→ Exercise requirements
Pictures are to be omitted. Output only the lines from the one containing "Tales & Tails InSektempfang - 3x 4kg" through the end of the data, word for word.
====== Records to use ======
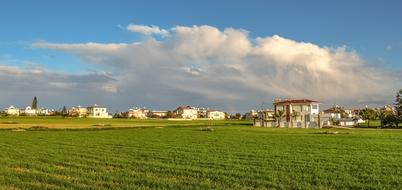 Cyprus Paralimni Town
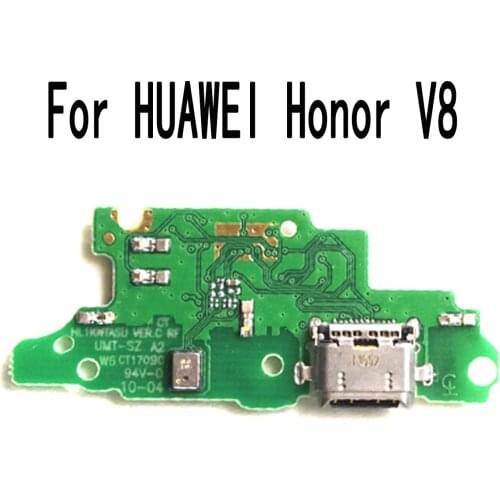 For HUAWEI Honor8 V8 USB Charger Board Port Connector Mic PCB Dock Charging Flex Cable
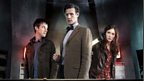 Rory, The Doctor, and Amy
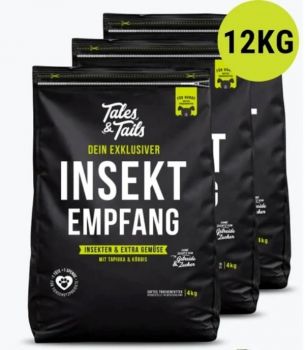 Tales & Tails InSektempfang - 3x 4kg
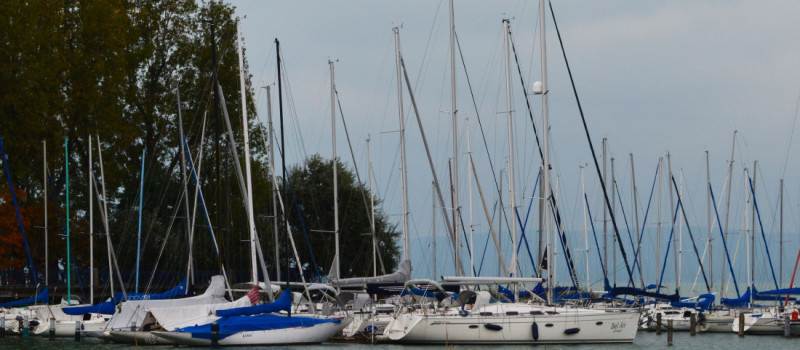 Balatonföldvár kikötő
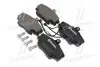 Тормозные колодки дисковые P68008 BREMBO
======
→ Result below
 Tales & Tails InSektempfang - 3x 4kg
 Balatonföldvár kikötő
 Тормозные колодки дисковые P68008 BREMBO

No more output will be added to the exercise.